Flask allows to quickly create an API without much boilerplate code.

An API that responds on the /hello route and says... well... hello can be implemented as:

#!/usr/bin/env python
from flask import Flask

api = Flask(__name__)

@api.route('/hello', methods=['GET'])
def hello():
    return 'Hello API', 200

if __name__ == "__main__":
    api.run()

That's everything I needed.

Request Validation

Even though it’s not strictly required for such a small project, I wanted to validate the incoming requests. I used the marshmallow library, which makes it easy to validate a JSON payload against a schema.

The API expects a request in the form { "document": "the data to embed" }, so the code is simply:

from marshmallow import Schema, fields

class EmbeddingSchema(Schema):
    document = fields.Str(required=True)

@api.route('/embedding', methods=['POST'])
def embed():
    body = request.get_json(force=True)
    schema = EmbeddingSchema()

    try:
        result = schema.load(body)
    except ValidationError as err:
        return 'Invalid request', 400
    
    document = result['document']

Put it all togheter

The final API looks like this.

The embedding_generator service is created once at the startup (rather than in the route) because it takes time to load and does not need to be recreated with every request. Once created, it remains in memory for the duration of the API’s runtime.

#!/usr/bin/env python
import json

from marshmallow import ValidationError, Schema, fields
from sentence_transformers import SentenceTransformer

from flask import Flask, request


class EmbeddingSchema(Schema):
    document = fields.Str(required=True)

embedding_generator = SentenceTransformer("nomic-ai/nomic-embed-text-v1.5", trust_remote_code=True)

api = Flask(__name__)

def generate_error(error: str, payload: any, status: int = 400):
    return json.dumps({
        'error': error,
        'payload': payload,
    }), status

def generate_response(data: any, status: int = 200):
    return json.dumps({
        'data': data,
    }), status

@api.route('/embedding', methods=['POST'])
def embed():
    body = request.get_json(force=True)
    schema = EmbeddingSchema()

    try:
        result = schema.load(body)
    except ValidationError as err:
        return generate_error('Validation failed', err.messages)
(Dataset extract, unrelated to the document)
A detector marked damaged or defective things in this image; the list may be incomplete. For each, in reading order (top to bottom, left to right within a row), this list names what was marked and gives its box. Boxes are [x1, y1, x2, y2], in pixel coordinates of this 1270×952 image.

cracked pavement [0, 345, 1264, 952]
    query = result['document']

    if query == '':
        return generate_error('No query given.')

    embeddings = embedding_generator.encode([query])
    return generate_response(embeddings[0].tolist())
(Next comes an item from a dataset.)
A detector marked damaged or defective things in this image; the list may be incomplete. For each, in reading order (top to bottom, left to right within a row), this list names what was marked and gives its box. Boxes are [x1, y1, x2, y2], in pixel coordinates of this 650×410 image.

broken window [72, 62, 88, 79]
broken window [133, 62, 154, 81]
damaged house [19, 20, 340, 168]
if __name__ == "__main__":
    api.run()

A little something extra

Everything works pretty straightforwardly with Python. However, to add a little extra, we can build an executable from the Python code with the help of Cython.
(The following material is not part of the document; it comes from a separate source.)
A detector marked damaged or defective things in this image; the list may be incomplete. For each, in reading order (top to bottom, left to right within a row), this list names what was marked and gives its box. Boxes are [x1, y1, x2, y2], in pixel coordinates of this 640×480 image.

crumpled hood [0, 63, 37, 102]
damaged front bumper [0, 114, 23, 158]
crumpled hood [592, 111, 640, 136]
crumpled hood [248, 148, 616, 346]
cython3 --embed -o api.c api.py
python_include=$(python -c "import sysconfig; print(sysconfig.get_path('include'))")
gcc -Wall api.c -o api -L$(python-config --prefix)/lib64 $(python-config --embed --ldflags) -I"$python_include"
rm api.c

Then, we can simply copy around the api executable.

Call the API from PHP

With the help of Guzzle calling the API from PHP is easy.

<?php declare(strict_types= 1);

use GuzzleHttp\Client;

$text = "this is the text to be embedded";

$client = new Client(['base_uri' => 'http://127.0.0.1:5000']);

$response = $client->post('/embedding', [
    'json' => ['document' => $text],
    'headers' => [
        'Content-Type' => 'application/json',
    ],
]);

$body = $response->getBody()->getContents();

/** @var array{error:string,data:float[]} */
$result = json_decode($body, true);

echo $result['data'];

Conclusion

With this small API hosted on my computer and the model running on the CPU, I was able to embed the 25,000 Wikipedia articles in about 16 hours. In comparison, it would have taken an eternity with the initial approach.